I am using a book that doesn't have any solutions in it, so I would like to be sure that I am doing the problems right before I move on. The question is below:

In a programming language, a variable name must start with a letter or the underscore character, and succeeding characters must be letters, digits, or the underscore character. Uppercase and lowercase letters are considered different.
(a) How many variable names with exactly 5 characters can be formed?
(b) How many are there with at most 5 characters?
(c) How many are there with at most 5 characters, if they must read the same forwards and backwards? (note that kayak is acceptable but Kayak is not).

The Attempt at a Solution

(a) There are 53 possible characters for the first position, and 63 possibilities for the remaining 4 positions. So there are
$53 \cdot 63^4 = 834,906,933$
possible 5 character variable names.

(b) For some $k$, there are $53 \cdot 63^{k-1}$ possible variable names of length $k$. So the number of possible variable names with length at most 5 is
$\sum_{k=1}^5 53 \cdot 63^{k-1} = 848,373,173$ possible variable names with length at most 5.

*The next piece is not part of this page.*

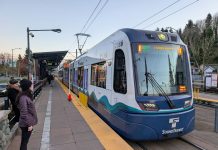 Op-Ed: Finding Smart Solutions to Sound Transit Budget Woes Riders wait as a train pulls into Columbia Station Station, which in the median of a four-lane road.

(c) For length 1, there are only 53 such possible variable names. For length 2, the first and last characters must be the same, so there are again only 53 such possible variable names. For length 3, there are 53 * 63 variable names, and the same number of variable names of length 4. For length 5, there are 53 * 63 * 63 possible variable names. Hence, there are
$53 + 53 + 53 \cdot 63 + 53 \cdot 63 + 53 \cdot 63^2 = 217,141$
possible variable names with the desired property.

Thanks!

 

[LCKurtz]

Homework Statement

I am using a book that doesn't have any solutions in it, so I would like to be sure that I am doing the problems right before I move on. The question is below:

In a programming language, a variable name must start with a letter or the underscore character, and succeeding characters must be letters, digits, or the underscore character. Uppercase and lowercase letters are considered different.
(a) How many variable names with exactly 5 characters can be formed?
(b) How many are there with at most 5 characters?
(c) How many are there with at most 5 characters, if they must read the same forwards and backwards? (note that kayak is acceptable but Kayak is not).

The Attempt at a Solution

(a) There are 53 possible characters for the first position, and 63 possibilities for the remaining 4 positions. So there are
$53 \cdot 63^4 = 834,906,933$
possible 5 character variable names.

(b) For some $k$, there are $53 \cdot 63^{k-1}$ possible variable names of length $k$. So the number of possible variable names with length at most 5 is
$\sum_{k=1}^5 53 \cdot 63^{k-1} = 848,373,173$ possible variable names with length at most 5.

(c) For length 1, there are only 53 such possible variable names. For length 2, the first and last characters must be the same, so there are again only 53 such possible variable names. For length 3, there are 53 * 63 variable names, and the same number of variable names of length 4. For length 5, there are 53 * 63 * 63 possible variable names. Hence, there are
$53 + 53 + 53 \cdot 63 + 53 \cdot 63 + 53 \cdot 63^2 = 217,141$
possible variable names with the desired property.

Thanks!

Your calculations look correct to me.